> Problem details:
The line with "Shirt & Shorts With band in Polka Dot Print" marks where to begin; print it and all lines after it in the material below exactly, skipping pictures.

> Records for the exercise:
= Beginning of Section =
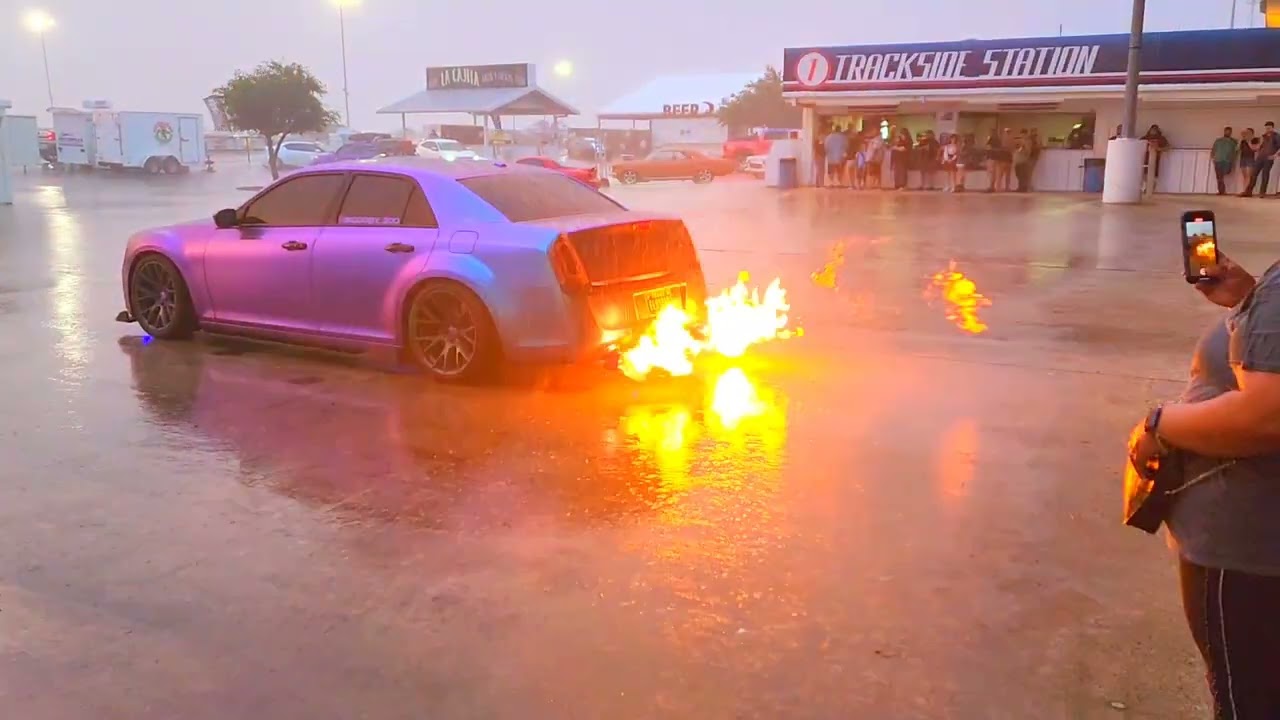 Loud 300 Chrysler shooting flames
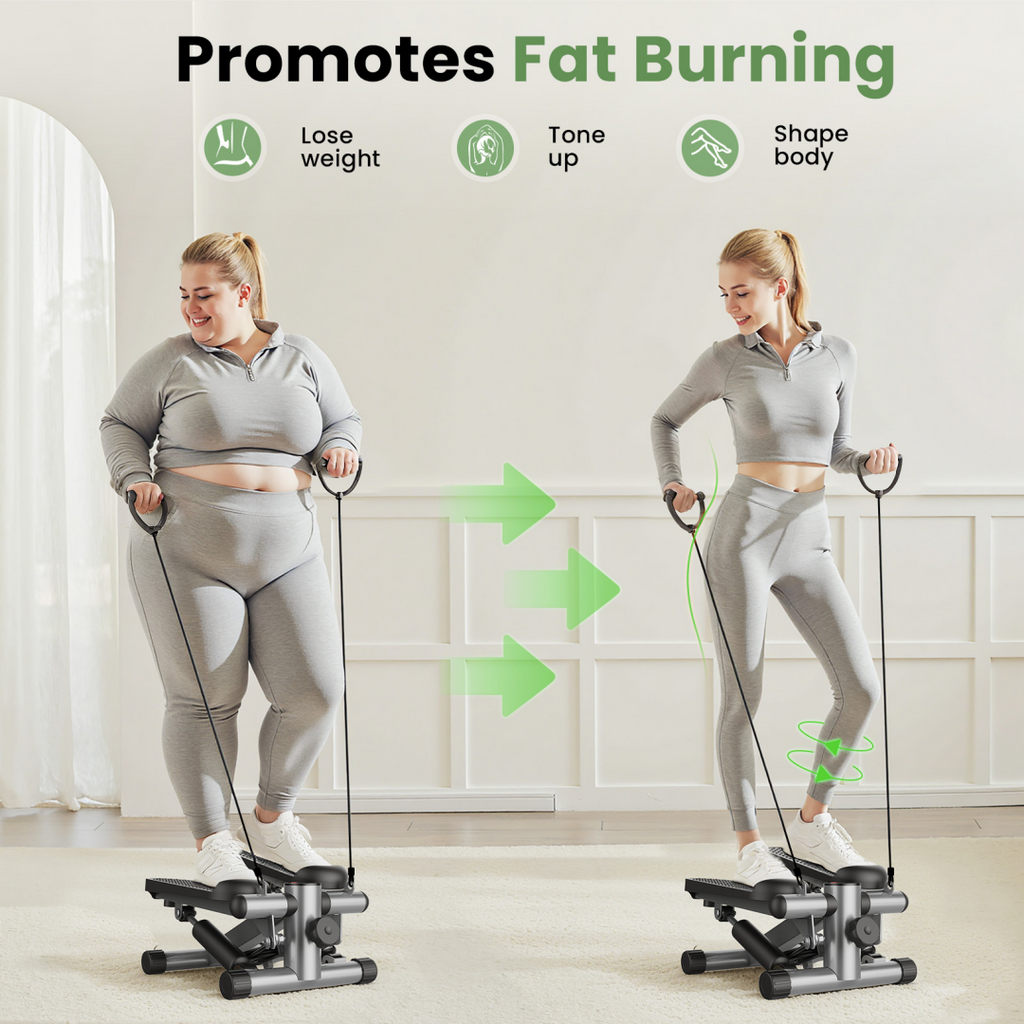 Mini Stepper With Resistance Band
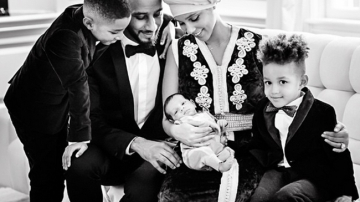 Фото дня: Алиша Кис с новорожденным сыном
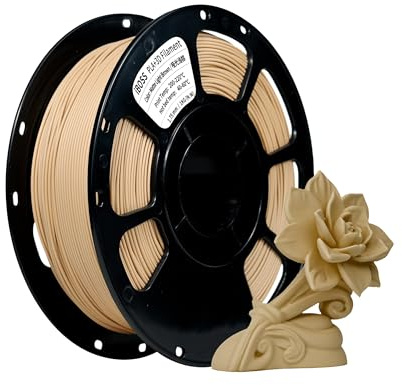 iBOSS mattes PLA+ Filament 1,75 mm, matte PLA-Rolle, 1 kg Spule (2,2 Pfund), Messgenauigkeit +/- 0,02 mm, geeignet für 3D-Drucker (Mattbraun)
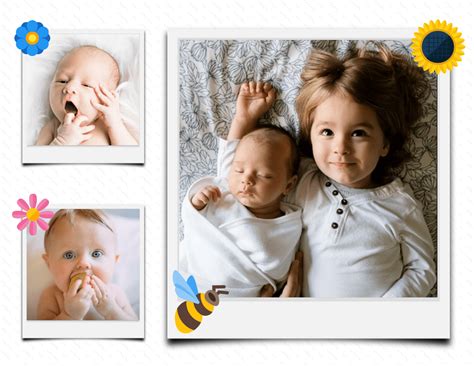 Takt Durchhängen Über Kopf und Schulter polaroid collage template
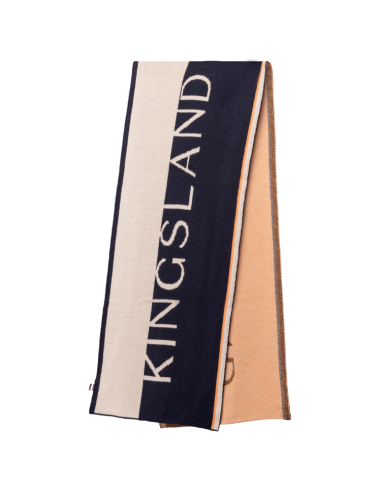 Kingsland Vale Knitted Scarf Navy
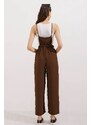 Bigdart 7023 Strap Jumpsuit - Brown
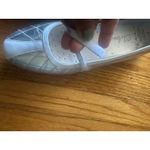 Cole Haan Nike Air Silver Quilted Mary Jane Flats Size 9.5B Photo 3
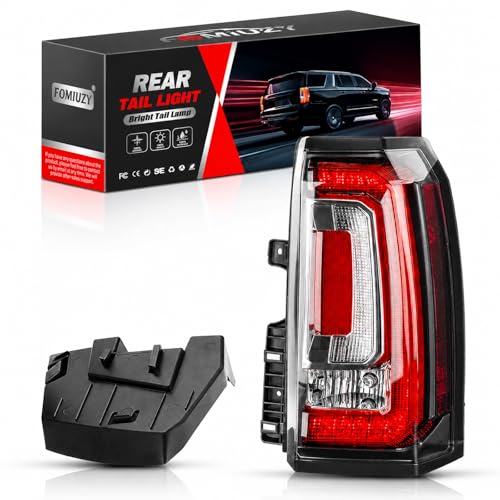 FOMIUZY Tail Lights Assembly Right Passenger Fit For GMC Yukon Yukon XL Denali 2015 2016 2017 2018 2019 2020 Rear LED Brake Turn Signal Back Up Taillight Replaces 84536243 GM2801268 23380460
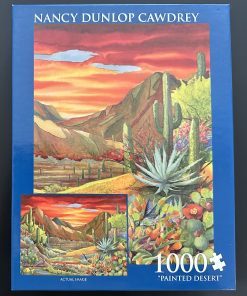 10639 - Andrews & Blaine LTD - 27" x 20" - Nancy Dunlop Cawdrey - Painted Desert - 1000 Piece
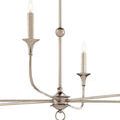 Product Image 3 for Nottaway Champagne Chandelier from Currey & Company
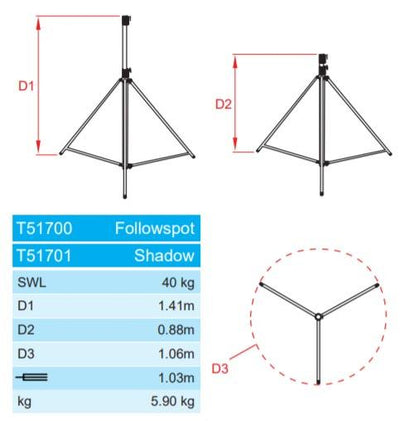 Doughty Follow Spot Stand – second image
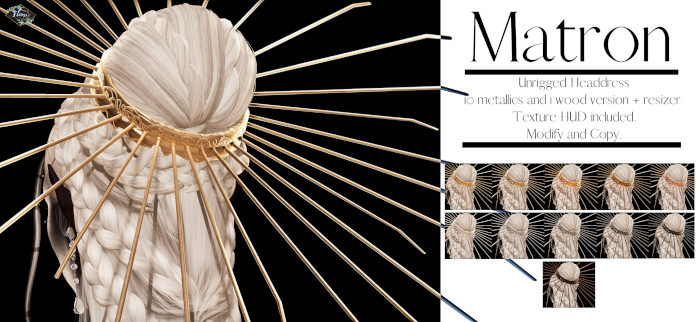 [Floro] Matron Headdress - Unrigged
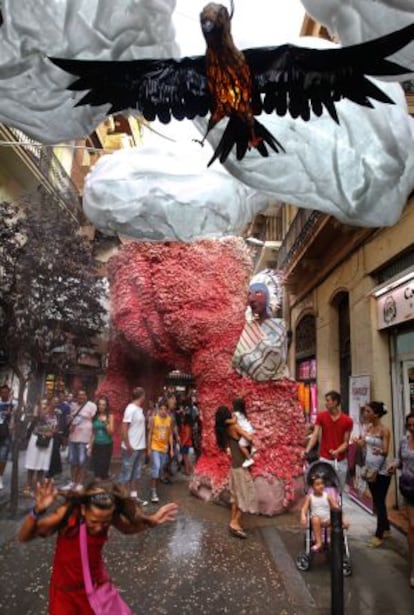 El decorado de la calle Verdi, ganador del primer premio del concurso.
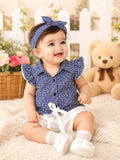 Shirt & Shorts With band in Polka Dot Print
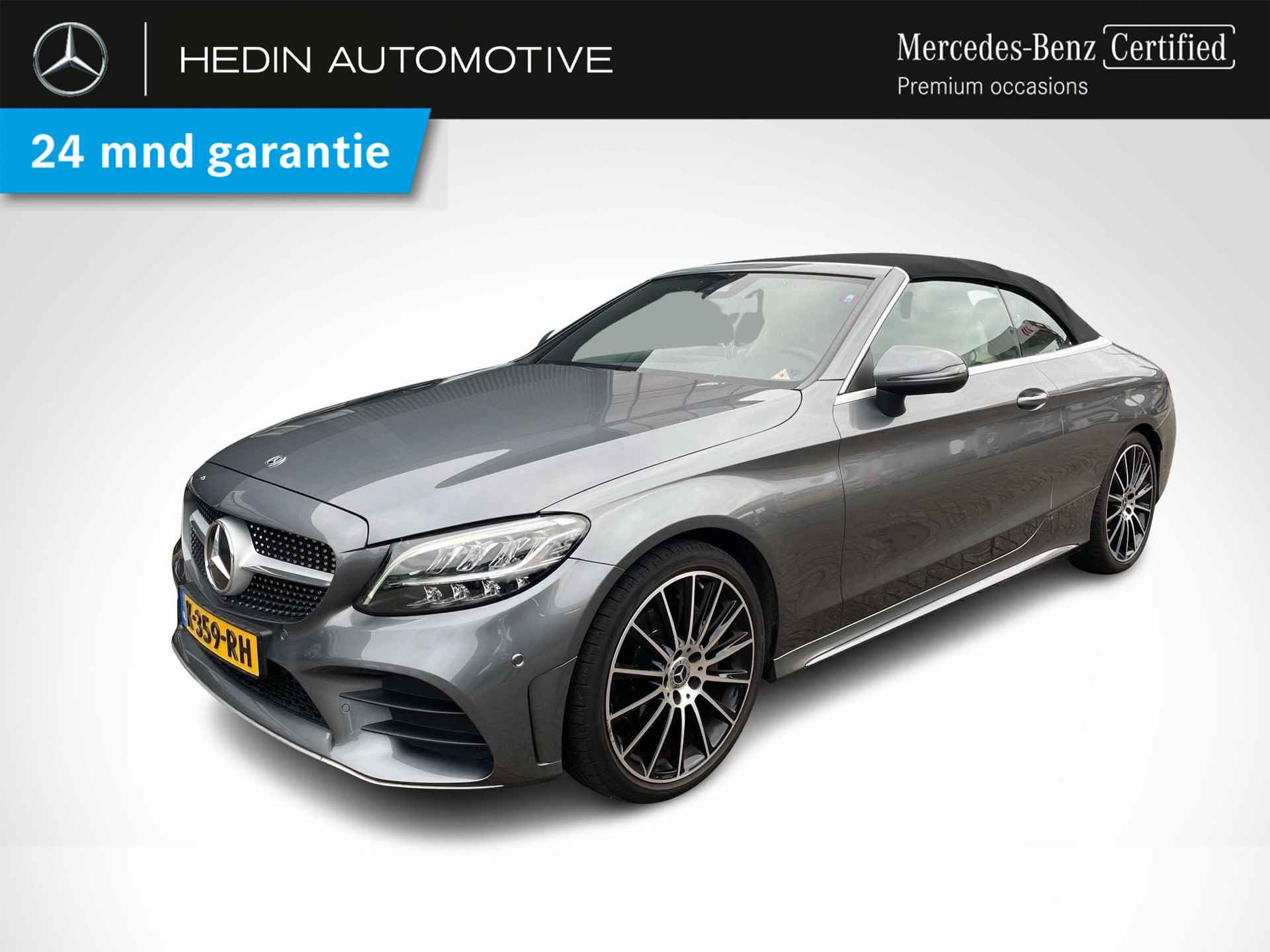 Mercedes-Benz C-klasse C 180 Cabriolet Automaat AMG Line | LED | Stoelverwarming | Airscarf | Camera | Spiegelpakket | Zitcomfortpakket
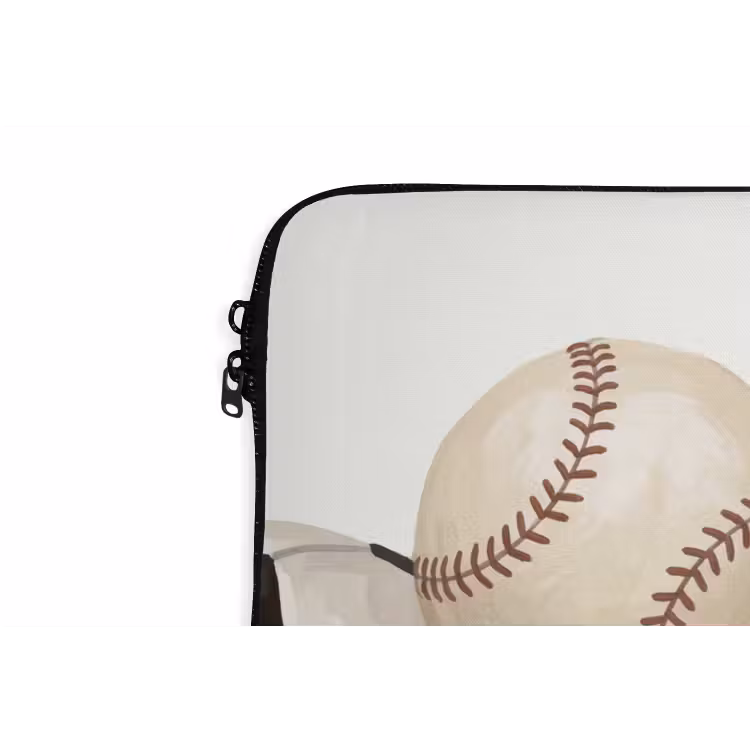 Sport - Ballen - Illustratie laptophoes neopreen klein -detail
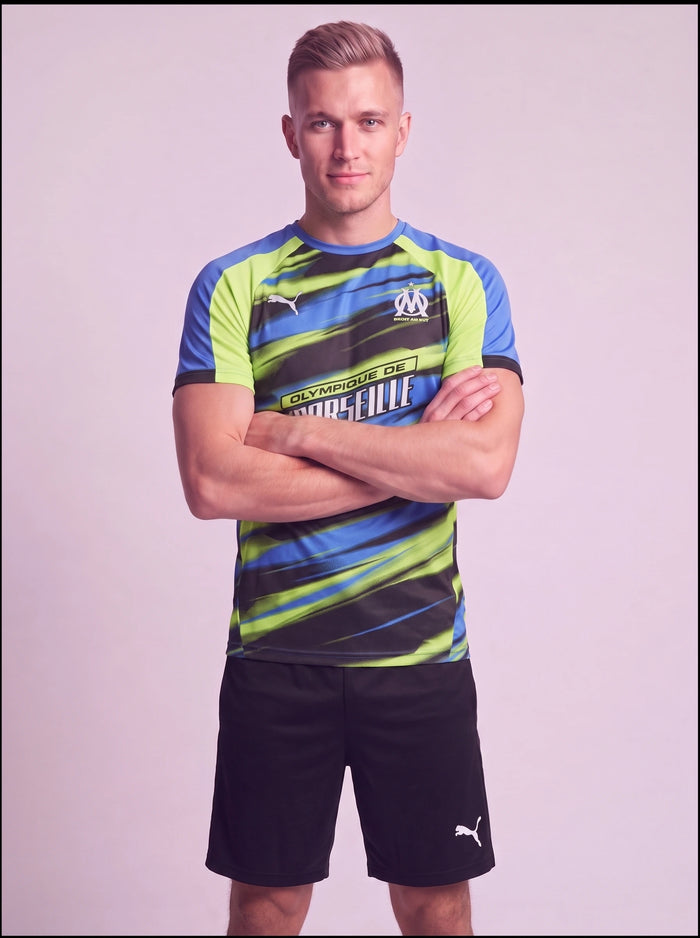 Kit Camisa e Short Olympique de Marseille Cor 3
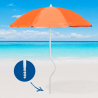 Strand-Sonnenschirm windfest UV-Schutz 180 cm Girafacile Prometeo 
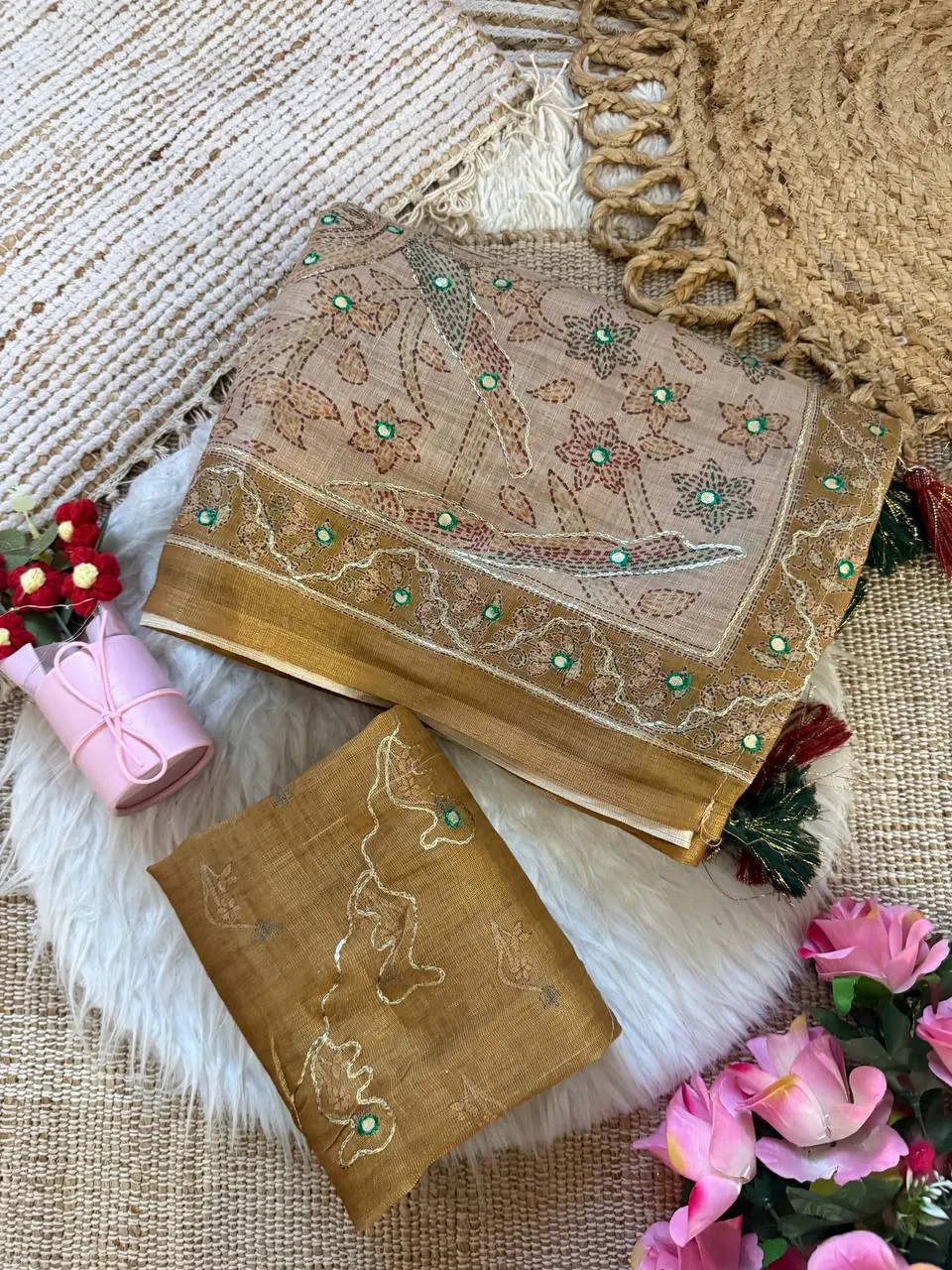 Beautiful Kusum 872 Priya Simar Silk Printed Khatli Work Saree 2026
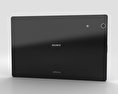 Sony Xperia Z4 Tablet LTE 黑色的 3D模型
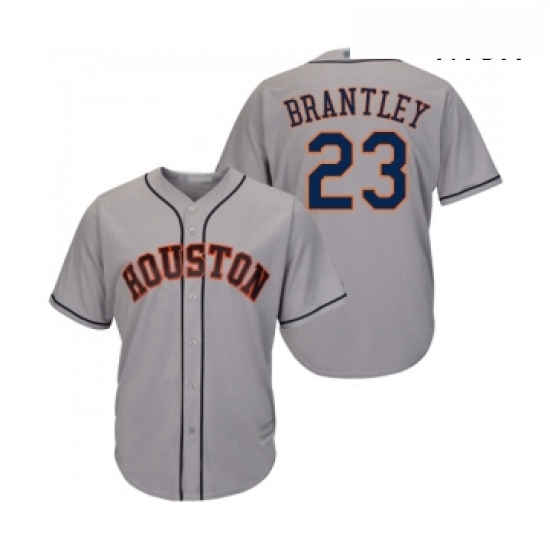 Mens Houston Astros 23 Michael Brantley Replica Grey Road Cool Base Baseball Jersey Mens Houston Astros 23 Michael Brantley Replica Grey Road Cool Base Baseball Jersey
= End of Section =
> Output below:
 Shirt & Shorts With band in Polka Dot Print
 Mercedes-Benz C-klasse C 180 Cabriolet Automaat AMG Line | LED | Stoelverwarming | Airscarf | Camera | Spiegelpakket | Zitcomfortpakket
 Sport - Ballen - Illustratie laptophoes neopreen klein -detail
 Kit Camisa e Short Olympique de Marseille Cor 3
 Strand-Sonnenschirm windfest UV-Schutz 180 cm Girafacile Prometeo 
 Beautiful Kusum 872 Priya Simar Silk Printed Khatli Work Saree 2026
 Sony Xperia Z4 Tablet LTE 黑色的 3D模型
 Mens Houston Astros 23 Michael Brantley Replica Grey Road Cool Base Baseball Jersey Mens Houston Astros 23 Michael Brantley Replica Grey Road Cool Base Baseball Jersey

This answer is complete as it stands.